Dataset records:
────────────────────────────────────────

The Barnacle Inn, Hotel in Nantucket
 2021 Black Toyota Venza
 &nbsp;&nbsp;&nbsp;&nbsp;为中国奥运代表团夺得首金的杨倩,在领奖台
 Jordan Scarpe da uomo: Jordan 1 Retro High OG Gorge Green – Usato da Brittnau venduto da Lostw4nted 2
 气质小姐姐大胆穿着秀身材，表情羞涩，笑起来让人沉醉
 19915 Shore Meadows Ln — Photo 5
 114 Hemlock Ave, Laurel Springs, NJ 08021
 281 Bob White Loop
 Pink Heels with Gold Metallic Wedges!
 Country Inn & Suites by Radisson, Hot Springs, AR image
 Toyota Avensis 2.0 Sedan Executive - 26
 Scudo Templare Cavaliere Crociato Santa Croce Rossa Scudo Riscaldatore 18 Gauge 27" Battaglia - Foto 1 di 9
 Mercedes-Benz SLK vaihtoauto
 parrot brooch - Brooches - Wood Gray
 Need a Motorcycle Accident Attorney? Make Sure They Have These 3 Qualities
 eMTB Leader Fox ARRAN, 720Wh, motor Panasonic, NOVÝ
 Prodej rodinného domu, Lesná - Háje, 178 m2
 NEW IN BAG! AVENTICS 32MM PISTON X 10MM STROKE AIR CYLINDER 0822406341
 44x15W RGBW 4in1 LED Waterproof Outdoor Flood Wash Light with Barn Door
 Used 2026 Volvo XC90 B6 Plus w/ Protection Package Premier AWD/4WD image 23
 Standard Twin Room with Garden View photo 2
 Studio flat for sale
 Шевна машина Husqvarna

────────────────────────────────────────

Task to complete:
Output all of the records exactly, with nothing omitted.

Final answer:
The Barnacle Inn, Hotel in Nantucket
 2021 Black Toyota Venza
 &nbsp;&nbsp;&nbsp;&nbsp;为中国奥运代表团夺得首金的杨倩,在领奖台
 Jordan Scarpe da uomo: Jordan 1 Retro High OG Gorge Green – Usato da Brittnau venduto da Lostw4nted 2
 气质小姐姐大胆穿着秀身材，表情羞涩，笑起来让人沉醉
 19915 Shore Meadows Ln — Photo 5
 114 Hemlock Ave, Laurel Springs, NJ 08021
 281 Bob White Loop
 Pink Heels with Gold Metallic Wedges!
 Country Inn & Suites by Radisson, Hot Springs, AR image
 Toyota Avensis 2.0 Sedan Executive - 26
 Scudo Templare Cavaliere Crociato Santa Croce Rossa Scudo Riscaldatore 18 Gauge 27" Battaglia - Foto 1 di 9
 Mercedes-Benz SLK vaihtoauto
 parrot brooch - Brooches - Wood Gray
 Need a Motorcycle Accident Attorney? Make Sure They Have These 3 Qualities
 eMTB Leader Fox ARRAN, 720Wh, motor Panasonic, NOVÝ
 Prodej rodinného domu, Lesná - Háje, 178 m2
 NEW IN BAG! AVENTICS 32MM PISTON X 10MM STROKE AIR CYLINDER 0822406341
 44x15W RGBW 4in1 LED Waterproof Outdoor Flood Wash Light with Barn Door
 Used 2026 Volvo XC90 B6 Plus w/ Protection Package Premier AWD/4WD image 23
 Standard Twin Room with Garden View photo 2
 Studio flat for sale
 Шевна машина Husqvarna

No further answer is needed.